> _TASK STATEMENT_: Up through the line that contains "Clear Glass Shades", retype the entries exactly, beginning at the very first line.

[Stored records]

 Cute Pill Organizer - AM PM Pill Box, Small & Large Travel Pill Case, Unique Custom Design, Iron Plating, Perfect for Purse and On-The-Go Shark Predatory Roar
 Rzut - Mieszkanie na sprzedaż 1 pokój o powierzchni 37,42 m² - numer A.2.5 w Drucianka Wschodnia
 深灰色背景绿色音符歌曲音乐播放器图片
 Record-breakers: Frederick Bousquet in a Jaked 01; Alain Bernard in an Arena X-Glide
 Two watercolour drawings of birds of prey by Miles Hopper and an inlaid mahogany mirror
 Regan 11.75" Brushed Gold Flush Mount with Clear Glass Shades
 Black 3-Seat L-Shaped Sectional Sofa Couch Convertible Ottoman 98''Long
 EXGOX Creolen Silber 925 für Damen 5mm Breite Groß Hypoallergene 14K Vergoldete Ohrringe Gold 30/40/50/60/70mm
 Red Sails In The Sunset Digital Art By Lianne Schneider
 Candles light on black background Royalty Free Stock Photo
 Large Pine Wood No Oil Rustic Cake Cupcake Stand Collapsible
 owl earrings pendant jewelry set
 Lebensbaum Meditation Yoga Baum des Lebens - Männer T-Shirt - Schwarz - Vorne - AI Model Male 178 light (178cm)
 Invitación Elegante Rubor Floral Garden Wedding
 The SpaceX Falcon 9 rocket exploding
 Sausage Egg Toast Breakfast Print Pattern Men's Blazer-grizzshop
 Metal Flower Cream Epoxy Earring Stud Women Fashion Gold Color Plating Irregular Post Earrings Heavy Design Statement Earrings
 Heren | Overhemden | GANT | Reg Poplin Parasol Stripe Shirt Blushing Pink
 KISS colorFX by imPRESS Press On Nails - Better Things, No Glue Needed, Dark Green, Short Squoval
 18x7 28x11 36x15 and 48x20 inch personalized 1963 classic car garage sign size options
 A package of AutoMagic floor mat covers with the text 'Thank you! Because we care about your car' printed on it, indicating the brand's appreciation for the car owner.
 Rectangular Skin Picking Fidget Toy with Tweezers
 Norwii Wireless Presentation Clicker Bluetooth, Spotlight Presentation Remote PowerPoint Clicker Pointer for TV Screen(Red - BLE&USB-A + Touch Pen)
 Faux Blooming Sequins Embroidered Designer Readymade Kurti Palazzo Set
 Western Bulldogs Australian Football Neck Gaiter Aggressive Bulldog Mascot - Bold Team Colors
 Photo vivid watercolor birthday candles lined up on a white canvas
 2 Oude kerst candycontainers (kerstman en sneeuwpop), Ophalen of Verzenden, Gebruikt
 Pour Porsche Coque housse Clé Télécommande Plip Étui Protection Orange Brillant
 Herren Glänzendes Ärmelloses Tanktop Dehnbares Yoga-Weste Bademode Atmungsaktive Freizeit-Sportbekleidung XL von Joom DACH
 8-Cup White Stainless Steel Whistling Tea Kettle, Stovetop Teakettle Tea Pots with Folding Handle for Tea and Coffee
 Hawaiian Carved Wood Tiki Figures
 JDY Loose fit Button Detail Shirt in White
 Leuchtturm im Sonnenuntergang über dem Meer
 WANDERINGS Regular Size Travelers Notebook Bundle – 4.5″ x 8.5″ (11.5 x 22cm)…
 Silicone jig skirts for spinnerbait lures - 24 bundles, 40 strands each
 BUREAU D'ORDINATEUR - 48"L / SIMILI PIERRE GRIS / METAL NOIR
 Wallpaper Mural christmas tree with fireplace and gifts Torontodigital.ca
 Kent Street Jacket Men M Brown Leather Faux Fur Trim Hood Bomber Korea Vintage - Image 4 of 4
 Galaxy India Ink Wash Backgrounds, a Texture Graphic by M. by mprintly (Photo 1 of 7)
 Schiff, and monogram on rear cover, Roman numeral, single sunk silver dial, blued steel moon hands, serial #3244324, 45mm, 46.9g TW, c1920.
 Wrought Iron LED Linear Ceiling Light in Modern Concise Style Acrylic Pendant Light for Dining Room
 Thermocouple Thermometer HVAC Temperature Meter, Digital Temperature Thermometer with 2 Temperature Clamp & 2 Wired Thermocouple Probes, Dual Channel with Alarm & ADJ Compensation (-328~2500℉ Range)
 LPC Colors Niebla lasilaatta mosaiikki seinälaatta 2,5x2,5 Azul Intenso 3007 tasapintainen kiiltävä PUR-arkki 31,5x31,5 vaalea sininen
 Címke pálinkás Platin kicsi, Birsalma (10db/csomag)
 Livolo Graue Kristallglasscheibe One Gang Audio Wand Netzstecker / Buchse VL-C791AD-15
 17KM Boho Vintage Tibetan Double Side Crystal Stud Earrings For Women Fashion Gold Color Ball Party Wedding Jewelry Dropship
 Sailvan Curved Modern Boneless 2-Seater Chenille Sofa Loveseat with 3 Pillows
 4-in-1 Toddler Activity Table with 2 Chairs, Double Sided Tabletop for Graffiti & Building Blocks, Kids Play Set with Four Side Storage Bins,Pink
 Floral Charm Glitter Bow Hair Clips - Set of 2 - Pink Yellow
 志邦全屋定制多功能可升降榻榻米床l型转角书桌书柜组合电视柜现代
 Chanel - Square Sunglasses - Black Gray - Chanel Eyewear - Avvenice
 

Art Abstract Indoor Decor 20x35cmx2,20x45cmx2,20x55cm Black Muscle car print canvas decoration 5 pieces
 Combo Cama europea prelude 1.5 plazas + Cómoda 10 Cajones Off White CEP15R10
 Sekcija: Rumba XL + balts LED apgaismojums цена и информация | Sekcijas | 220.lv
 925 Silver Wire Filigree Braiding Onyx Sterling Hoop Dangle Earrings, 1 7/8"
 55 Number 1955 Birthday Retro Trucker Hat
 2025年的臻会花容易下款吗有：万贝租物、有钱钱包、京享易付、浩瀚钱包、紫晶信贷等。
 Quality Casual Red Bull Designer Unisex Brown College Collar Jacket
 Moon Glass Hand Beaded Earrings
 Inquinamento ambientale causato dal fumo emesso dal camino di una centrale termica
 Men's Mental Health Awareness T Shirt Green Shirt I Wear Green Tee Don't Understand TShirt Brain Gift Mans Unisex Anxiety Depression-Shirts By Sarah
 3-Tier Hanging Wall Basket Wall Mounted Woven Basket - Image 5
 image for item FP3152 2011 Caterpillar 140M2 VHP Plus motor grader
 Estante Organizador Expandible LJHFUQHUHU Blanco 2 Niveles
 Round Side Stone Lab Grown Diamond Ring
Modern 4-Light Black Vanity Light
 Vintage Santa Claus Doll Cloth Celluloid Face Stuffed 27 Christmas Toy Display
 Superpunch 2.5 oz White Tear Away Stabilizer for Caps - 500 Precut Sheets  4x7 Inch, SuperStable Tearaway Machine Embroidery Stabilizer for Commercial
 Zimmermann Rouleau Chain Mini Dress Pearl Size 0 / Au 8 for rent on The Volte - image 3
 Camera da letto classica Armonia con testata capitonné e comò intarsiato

> _TASK RESPONSE_:
 Cute Pill Organizer - AM PM Pill Box, Small & Large Travel Pill Case, Unique Custom Design, Iron Plating, Perfect for Purse and On-The-Go Shark Predatory Roar
 Rzut - Mieszkanie na sprzedaż 1 pokój o powierzchni 37,42 m² - numer A.2.5 w Drucianka Wschodnia
 深灰色背景绿色音符歌曲音乐播放器图片
 Record-breakers: Frederick Bousquet in a Jaked 01; Alain Bernard in an Arena X-Glide
 Two watercolour drawings of birds of prey by Miles Hopper and an inlaid mahogany mirror
 Regan 11.75" Brushed Gold Flush Mount with Clear Glass Shades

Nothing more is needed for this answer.